The emergence of oscillations relies on two factors: how the frequency of strategic types (x) affects the average payoff (and, subsequently, the risk preference of the population) and how risk preference affects the survival of strategic types. There are two routes that can produce oscillations, which may be either persistent or decaying in magnitude (SI Appendix, Fig. S6). One route is exemplified by the Prisoner’s Dilemma: If more cooperators bring higher average payoffs ( $\frac{d \bar{π}}{d x} > 0$ ) and cooperators’ payoffs are more transparent than defectors’ payoffs ( $V_{C} - V_{D} < 0$ ), then more cooperators drive individuals to become risk-seeking. But a risk-seeking population is detrimental to cooperators, which allows defectors to invade and eventually reduces population payoff, so that individuals convert back to risk-aversion and, eventually, cooperators once again. The other route occurs when cooperators yield lower population payoffs ( $\frac{d \bar{π}}{d x} < 0$ ) and defectors’ payoffs are more transparent than cooperators’ ( $V_{C} - V_{D} > 0$ ). In this case, a high frequency of cooperators drives individuals to risk-aversion, which is detrimental to cooperators. The subsequent increases in defectors and average payoff drive individuals to be more risk-seeking, which in turn converts the population back to cooperation (since $V_{C} > V_{D}$ ).

For general two-by-two games, the effects of cooperator frequency on the population average payoff ( $\frac{d \bar{π}}{d x} < 0$ ) and the relative transparency of payoffs for the two strategic types ( $V_{C} - V_{D}$ ) both depend on the current frequency of strategies. And so oscillations can arise in multiple different regions of state space, through different routes. For example in the Stag Hunt game (Fig. 4 A and B), in the region $x < 1 / 2$ , more cooperators produce lower average payoffs and defectors’ payoffs are more transparent, which is consistent with the second route toward oscillation. Conversely, when $x > 1 / 2$ the dynamics agree with the first route toward oscillations. When payoff uncertainty is asymmetric ( $σ_{CC} \neq σ_{DD}$ or $σ_{CD} \neq σ_{DC}$ ), then oscillatory behavior can be more complicated than in Fig. 4, producing phenomena such as limit cycles and even transitions between two different basins of oscillatory dynamics (SI Appendix, Fig. S7).

Discussion

Uncertainty permeates human social lives. Whether arising from imprecise information, ambiguous communication, the need for confidentiality, or intrinsic randomness in the rewards of social interactions, individuals must make decisions about social behavior in the face of uncertain outcomes. Although utility theory provides a classic framework for rational decision-making under uncertainty, the effects of uncertainty have not been systematically studied for populations engaged in social learning by imitation. We have therefore extended the theory of evolutionary games to accommodate the real-life complications of uncertainty and individual attitudes toward risk.
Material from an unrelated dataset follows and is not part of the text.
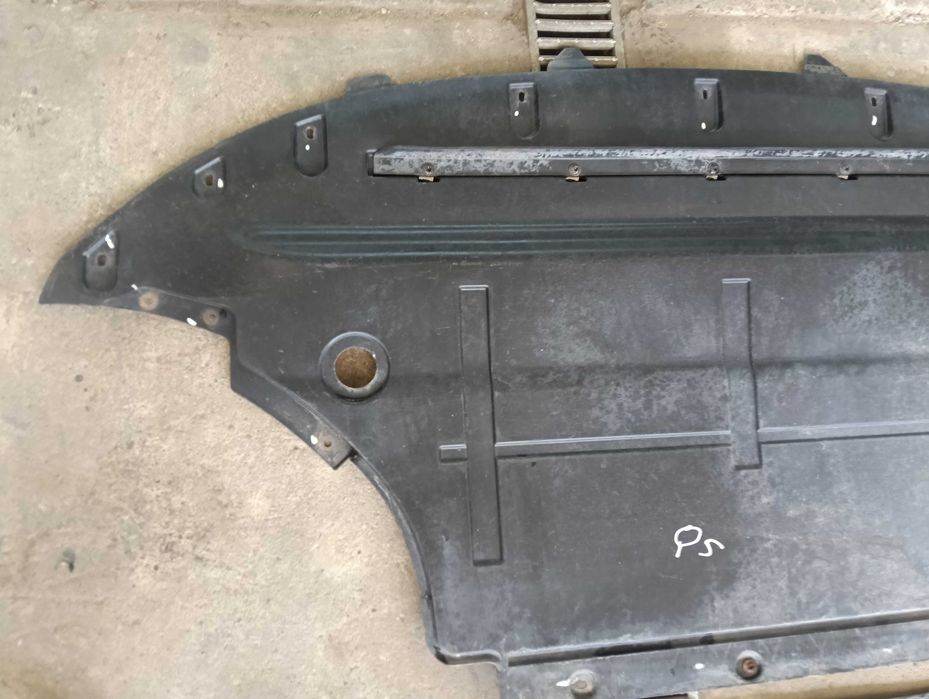 Osłony Silnika Dolne Osłona Audi Q5 8R KPL 2 szt Podłoga 8R0,963,821B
Regardless of their attitudes toward risk, all individuals have the same rank order payoff preferences: They prefer higher payoffs. Nonetheless, we have seen that different attitudes to risk can fundamentally reshape the dynamical process of behavioral evolution by imitation, compared to classical predictions in the absence of uncertainty (2–5). A risk-averse population consistently benefits a behavioral type with more transparent payoffs (less uncertainty), whereas a risk-seeking population promotes the evolution of types with noisier payoffs (greater uncertainty). If the average risk preference of the population ( $\bar{δ}$ ) is nonzero, the dynamics of behavior for a given social interaction involving uncertainty can be mapped to the classical dynamics for a different social interaction without uncertainty. This mapping (Eq. 6) provides a precise understanding of how payoff uncertainty and risk preferences collectively transpire to change the nature of social interactions.
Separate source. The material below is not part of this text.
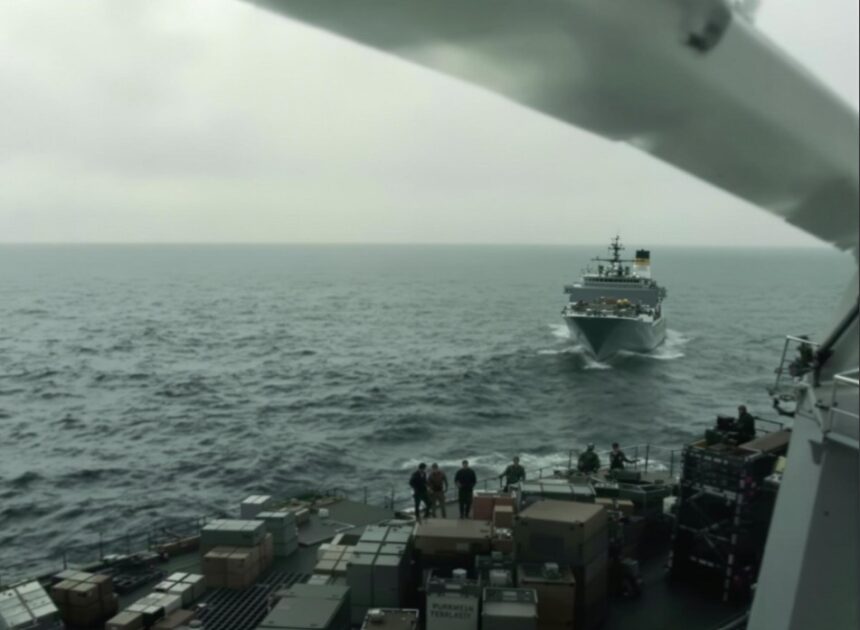 Rusia avertizează: „Amenințarea majoră de la Marea Neagră provine de la cei ce utilizează vaselor comerciale pentru a sprijini armata ucraineană” 1 rusia ne arata cu degetul cel mai mare pericol de la marea neagra e reprezentat de cei care folosesc nave civile pentru livrari militare regimului ucrainean 683489bd7513a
Alternatively, if individuals update their risk preferences over time, so that the population contains a dynamic mixture of risk-seeking and risk-averse types, then qualitatively new phenomena can arise, such as persistent cycles in social behavior that do not arise in the absence of uncertainty.

Our analysis provides a step forward in the large field of evolutionary games: we have developed a framework for studying uncertainty in social learning, analogous to the well-established framework in economics for individual decision-making under uncertainty. At the same time, our results are not merely of theoretical interest, as they have real-life implications. For example, because most people tend to be risk-averse (35, 46–48), cooperators have an incentive to clearly disclose to others the payoffs they receive, so as to attract imitators who adopt their behavior and provide future cooperative partners. In other words, increased transparency about the payoffs from cooperation leads to a more efficient equilibrium (Pareto efficiency).

The advantage to cooperators for disclosing their payoffs in a risk-averse population is analogous to the “Market of Lemons” in economics (26). In the economic setting, goods with poor quality can outperform those with high quality due to noisy information about quality. This situation, known as adverse selection, arises from incomplete market information, and it puts pressure on purveyors of high-quality products to make their information more transparent to buyers. Our results provide a counterpart to this phenomenon in the context of social behaviors.

Even if most people are generally averse to risk, the degree of risk aversion is known to vary across individuals, or even within an individual who experiences different circumstances (notably, wealth) over time (46). If larger payoffs tend to induce more risk tolerance, then oscillating dynamics of behavior of risk attitudes can emerge, and they can even persist indefinitely. These results are reminiscent of the oscillations that arise when the environmental state (and game payoffs) changes in response to the strategic composition in the population (15, 16, 40, 50, 51). In this analogy, a population that is more risk-averse, on average, corresponds to a low-quality environmental state, and a population with less risk aversion corresponds to a high-quality environmental state; cooperation drives the environment toward high quality, and defection drives the environment toward low quality. Although this may be a useful analogy for gaining intuition, the actual mechanism at play in our study is fundamentally different from eco-evolutionary games (15, 16, 40, 50, 51); and uncertainty in payoffs can even lead to multiple different basins of oscillatory dynamics for a given type of social interaction (Fig. 4).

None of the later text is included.